3-2-1 rule. This rule should never, ever be ignored or varied from for data of any real value:

The 3-2-1 backup strategy simply states that you should have 3 copies of your data (your production data and 2 backup copies) on two different media (disk and tape) with one copy off-site for disaster recovery.
 
That is why it's advised to keep one disc stored off site (bank lock box for example). I have three external hard drive back ups.
So you're going to burn a dozen or more DVDs every week or month to take to your bank? Pretty tedious. And how much do they charge? My Google drive is $2 a month. Upload from my computer anytime I have something new I want to store.
 
So you're going to burn a dozen or more DVDs every week or month to take to your bank? Pretty tedious. And how much do they charge? My Google drive is $2 a month. Upload from my computer anytime I have something new I want to store.
I don't burn DVD's (please review my thread). I use terabyte drives and keep one at my daughters house. It's not about the money. It's about control and security. I don't trust an outside source with my backups. Do as you please as I will. Millions of people rely on outside sources. Not me.

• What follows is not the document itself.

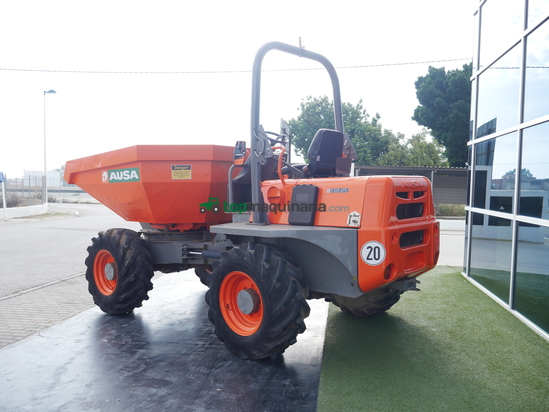 Dumper - AUSA D 600 APG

EDIT: Also I keep none of my work on the computer hard drive. Once I am done with a project it goes into my three back up drives.
 
I used them shortly to store pictures but at that point I was largely using Google Drive and Photos so I upped my Google Drive storage and ended up just staying with that. It wasn't worth my time or effort to dive deep down in comparing Amazon vs Google for my online photo repository.
 
Personally I use old hard drives that I have already upgrade from to store those family photos, and keep at least 1 off site (grand parent's place). I know people who relies only on online free storage until one day they forgot and they changed the user agreement, losing them because they forgot (geocities or image shack anyone?), only to remember after their only copy is corrupted. It doesn't hurt to keep a copy online if it is free but if you have 1TB of photos the cost add up pretty fast. I usually just fill up one drive and then leave it at grand parent's place for 3-5 years. 3-5 is the design life for the drive so if you are not actively using it then it should in theory be safe. Don't do that with SSD though, the data retention is only 1 year at room temp unpowered.
 
Where do you see that? And what about flash drives?
SSD's and flash drives store data with a very small electrical charge. Like a battery, the cell will loose it's charge. Data must be written over the cells to rejuvenate the charge. This doesn't generally happen on a storage drive that gets written and put away.
 
SSD's and flash drives store data with a very small electrical charge. Like a battery, the cell will loose it's charge. Data must be written over the cells to rejuvenate the charge. This doesn't generally happen on a storage drive that gets written and put away.
Maybe I missed that, but don't recall ever seeing that bit of information in the manuals for any SSD or flash drive I've bought.
 
Maybe I missed that, but don't recall ever seeing that bit of information in the manuals for any SSD or flash drive I've bought.
Of course they aren't going to tell you that! You can find more about it and pro's/con's of other long term storage medium by searching on the internet.